Only the stretch below from the line holding "JIMMY CHOO high heels - Picture 5 of 8" through the line holding "used 2022 Chrysler" should be restated, word for word and with both ends included; pictures stay out.

### SOURCE DATA

┄┄┄┄┄┄┄┄┄┄┄┄┄┄┄┄┄┄┄┄

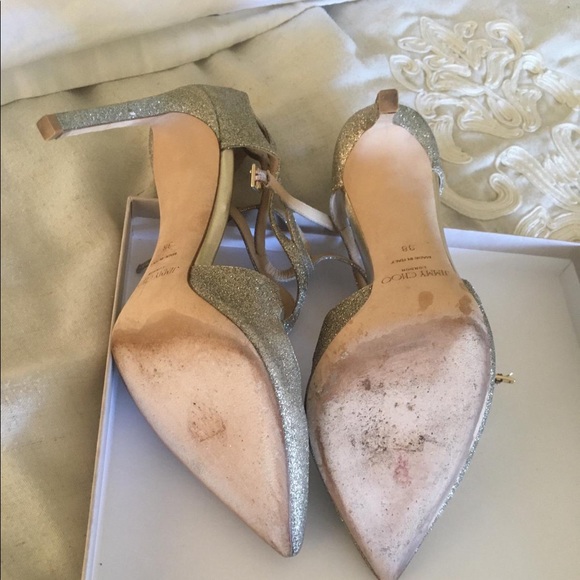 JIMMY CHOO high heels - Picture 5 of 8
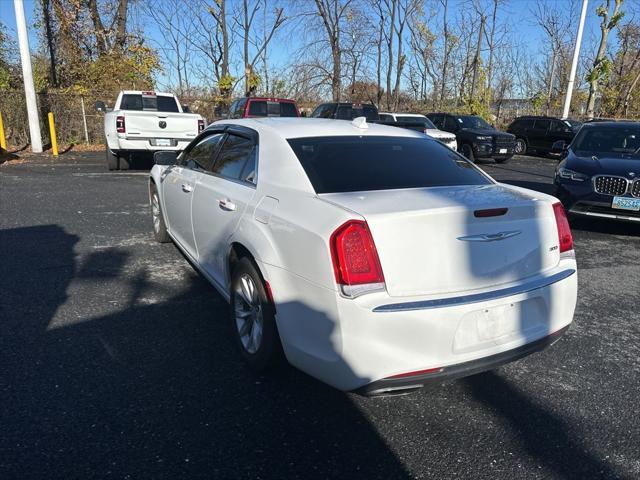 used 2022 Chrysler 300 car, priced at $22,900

┄┄┄┄┄┄┄┄┄┄┄┄┄┄┄┄┄┄┄┄

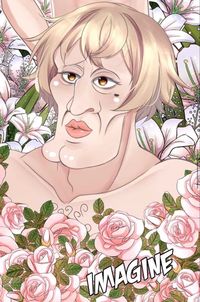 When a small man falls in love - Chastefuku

┄┄┄┄┄┄┄┄┄┄┄┄┄┄┄┄┄┄┄┄

### RESULT
 JIMMY CHOO high heels - Picture 5 of 8
 used 2022 Chrysler 300 car, priced at $22,900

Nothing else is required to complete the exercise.